Banks' NPL a curse for sustainable growth
The International Chamber of Commerce-Bangladesh has called growing non-performing loans (NPL) a curse for sustainable growth, urging the government to do more to combat the menace.
The ICCB said until now, only limited action has been taken to penalise defaulters, curtail risks and strengthen bank management. “To tackle the sector's deep-rooted problems of corruption and poor risk practices, further efforts are needed,” according to an editorial in the current news bulletin of the chamber.
It said now that Bangladesh was on course to become a developing country, all efforts should be made to strengthen the banking sector, which is the backbone of the economy.

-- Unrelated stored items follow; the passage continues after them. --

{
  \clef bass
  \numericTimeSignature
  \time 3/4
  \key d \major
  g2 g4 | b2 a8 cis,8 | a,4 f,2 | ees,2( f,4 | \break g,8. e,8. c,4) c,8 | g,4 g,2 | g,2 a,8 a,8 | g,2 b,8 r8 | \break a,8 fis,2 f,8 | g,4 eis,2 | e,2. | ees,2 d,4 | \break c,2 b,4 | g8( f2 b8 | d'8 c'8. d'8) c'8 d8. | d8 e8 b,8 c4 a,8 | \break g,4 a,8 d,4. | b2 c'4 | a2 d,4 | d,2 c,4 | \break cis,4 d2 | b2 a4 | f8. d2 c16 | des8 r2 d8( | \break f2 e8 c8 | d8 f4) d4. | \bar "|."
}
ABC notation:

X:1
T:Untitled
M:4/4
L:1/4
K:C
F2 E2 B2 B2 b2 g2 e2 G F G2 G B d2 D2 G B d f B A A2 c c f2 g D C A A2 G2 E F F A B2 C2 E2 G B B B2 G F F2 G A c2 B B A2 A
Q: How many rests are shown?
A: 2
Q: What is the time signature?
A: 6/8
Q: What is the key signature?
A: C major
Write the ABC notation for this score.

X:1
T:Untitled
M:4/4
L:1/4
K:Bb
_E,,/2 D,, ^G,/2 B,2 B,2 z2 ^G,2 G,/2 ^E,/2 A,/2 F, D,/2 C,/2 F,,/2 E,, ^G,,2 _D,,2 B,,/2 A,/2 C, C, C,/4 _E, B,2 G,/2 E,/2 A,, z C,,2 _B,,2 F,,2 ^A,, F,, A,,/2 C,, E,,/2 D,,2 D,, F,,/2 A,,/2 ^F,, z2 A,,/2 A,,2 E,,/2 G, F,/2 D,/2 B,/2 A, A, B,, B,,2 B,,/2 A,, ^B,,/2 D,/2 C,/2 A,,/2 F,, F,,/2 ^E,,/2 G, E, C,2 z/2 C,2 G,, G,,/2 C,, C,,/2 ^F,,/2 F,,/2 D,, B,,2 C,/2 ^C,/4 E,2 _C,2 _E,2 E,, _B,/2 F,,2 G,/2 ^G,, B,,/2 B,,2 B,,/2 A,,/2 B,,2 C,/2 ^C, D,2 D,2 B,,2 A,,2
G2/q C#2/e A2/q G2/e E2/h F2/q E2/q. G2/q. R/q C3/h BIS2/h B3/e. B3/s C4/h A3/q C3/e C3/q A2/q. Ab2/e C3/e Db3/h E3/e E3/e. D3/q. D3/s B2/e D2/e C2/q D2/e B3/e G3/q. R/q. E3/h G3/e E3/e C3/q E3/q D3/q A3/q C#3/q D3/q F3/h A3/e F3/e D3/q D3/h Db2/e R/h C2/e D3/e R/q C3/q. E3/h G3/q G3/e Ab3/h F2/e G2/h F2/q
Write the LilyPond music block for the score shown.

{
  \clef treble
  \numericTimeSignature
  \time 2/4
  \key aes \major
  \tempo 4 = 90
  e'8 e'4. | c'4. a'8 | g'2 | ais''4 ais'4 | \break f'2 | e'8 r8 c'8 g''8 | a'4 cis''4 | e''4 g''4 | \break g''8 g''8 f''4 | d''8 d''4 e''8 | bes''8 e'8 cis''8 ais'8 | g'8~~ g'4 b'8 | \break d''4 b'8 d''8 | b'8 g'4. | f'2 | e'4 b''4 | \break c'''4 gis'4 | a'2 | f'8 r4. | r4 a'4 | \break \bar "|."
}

The chamber, in its bulletin for the January-March period, said the best way to meet the requirements and challenges of a developing country was to strengthen the capital and liquidity ratio of banks.
The NPL is an issue that is impacting the capital adequacy of the sector.
In Bangladesh, six state-owned commercial banks account for about a quarter of the total banking sector assets. They are supplemented by two state-owned specialised banks, 40 private commercial banks and nine foreign banks.
According to a Bangladesh Bank study covering 2012 to 2016, the average ratio of NPLs to total loans was about 27.10 percent.
It was 4.9 percent for private commercial banks, 6.5 percent for foreign banks and 22.56 percent for state banks.
The percentage of the classified loan to the total outstanding stood at 10.1 percent in June 2016, with private commercial banks accounting for 5.4 percent, state banks 25.7 percent and foreign banks 8.3 percent.
Until September 2017, the total banking sector loan amounted to Tk 752,730 crore, of which Tk 80,307 crore, or 10.67 percent, was bad debt.
If the restructured loans were included, the NPL goes up to 17 percent of the outstanding loans.
At the end of September, the state banks had a combined bad debt of Tk 38,517 crore, private banks Tk 33,973 crore, and foreign banks Tk 2,298 crore.
“Naturally, these high NPLs have affected the profitability and the overall capital to risk-weighted assets ratio,” said the chamber.
The ICCB said bad loans are routinely restructured to permit further lending to the same borrowers.
An average bank rescheduled bad loans of Tk 10,910 crore annually in 2010-14, according to a study of the Bangladesh Institute of Bank Management.
Despite the regular injection of funds, state-run banks have not been able to improve their NPL positions, said the editorial.
The government has earmarked Tk 2,000 crore in the current budget to recapitalise the state-owned banks.